# Boot Manager stuck on Mounting img's



## CC268 (Jun 27, 2011)

I got through all the previous steps but its been on mounting img's for a good 10 minutes now not sure if it is supposed to take that long?


----------



## djj624 (Aug 12, 2011)

Mine does the same, then it will eventually reboot. If I try again it seems to load then reboots again and shows nothing in slot. Glad I'm not the only one with this issue.

Sent from my ADR6400L using Tapatalk


----------



## CC268 (Jun 27, 2011)

I guess I will let it run when I am sleeping I must have gave it almost an hour to install the whole ROM and then I had to end it as I had to use the phone and its way to slow when its installing


----------



## Turdbogls (Jun 7, 2011)

I have no idea what i am doing with boot manager. i have had some ROM's installed in the slots, but never had a successfull boot. tried loading ICS in one of the slots yesterday, and tried booting into it, and it froze on the splash screen. had to restore a nandroid.

is there a full fledged tutorial online somewhere on how to use it, when to wipe, what to install where, ect ?


----------



## djj624 (Aug 12, 2011)

If you go into the market and type in the boot manager app there is a video explaining how to use it.

Sent from my ADR6400L using Tapatalk


----------



## c_live_lee (Jul 13, 2011)

I haven't used it lately but, I've had consistent success with it (as have others who've tried this) by NOT letting my phone sleep during any sort of flashing.
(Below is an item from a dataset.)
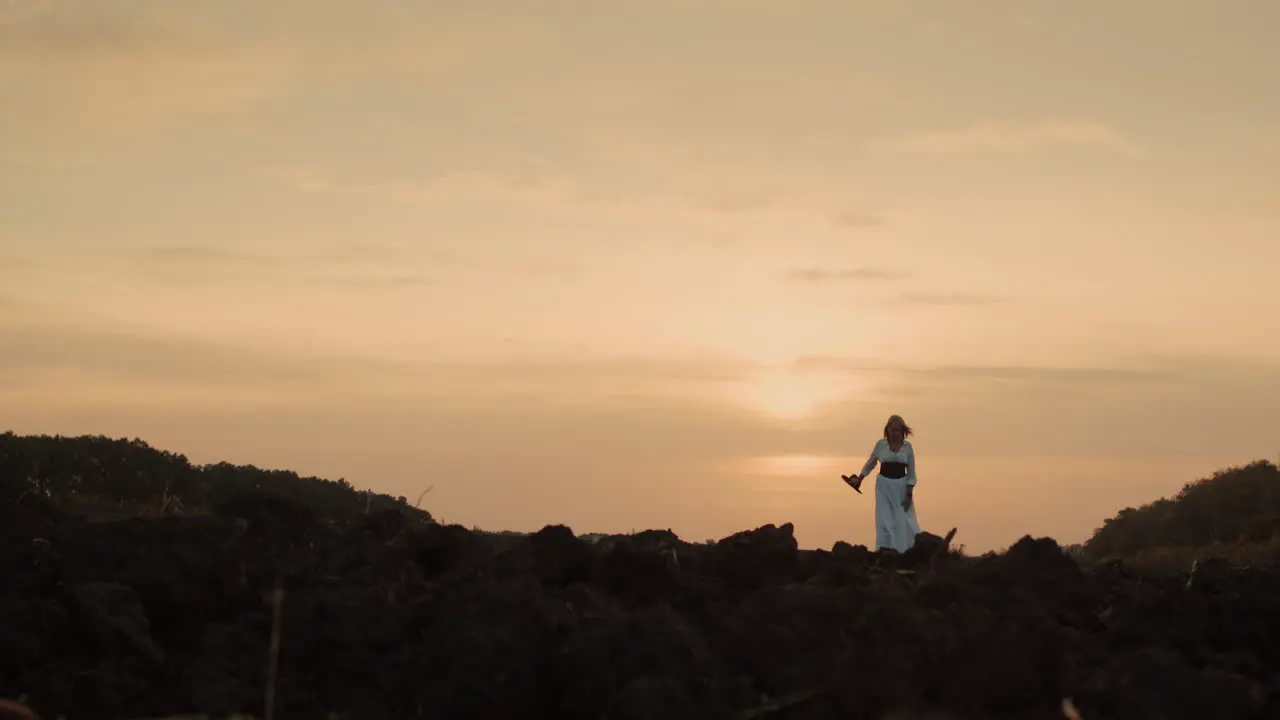 A woman in a dress walks through a plowed field on black soil 1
Either sit there and make sure the screen doesn't go off or set it so it won't. Either way, you'll probably see positive results.


----------



## Patrick A. (Oct 6, 2011)

I encountered these same problems after I flashed the latest 605.9 update. So I have got things to work decent if I'm installing while using the 605.9 update. Also I am using Imo's kernel on 605.9 overclocked an extreme mode. I havent had one working install while using SkyRaider 1.3 for the install. So I have restored a nandroid of the 605.9 to a slot an have Skyraider on the phone slot.now.


----------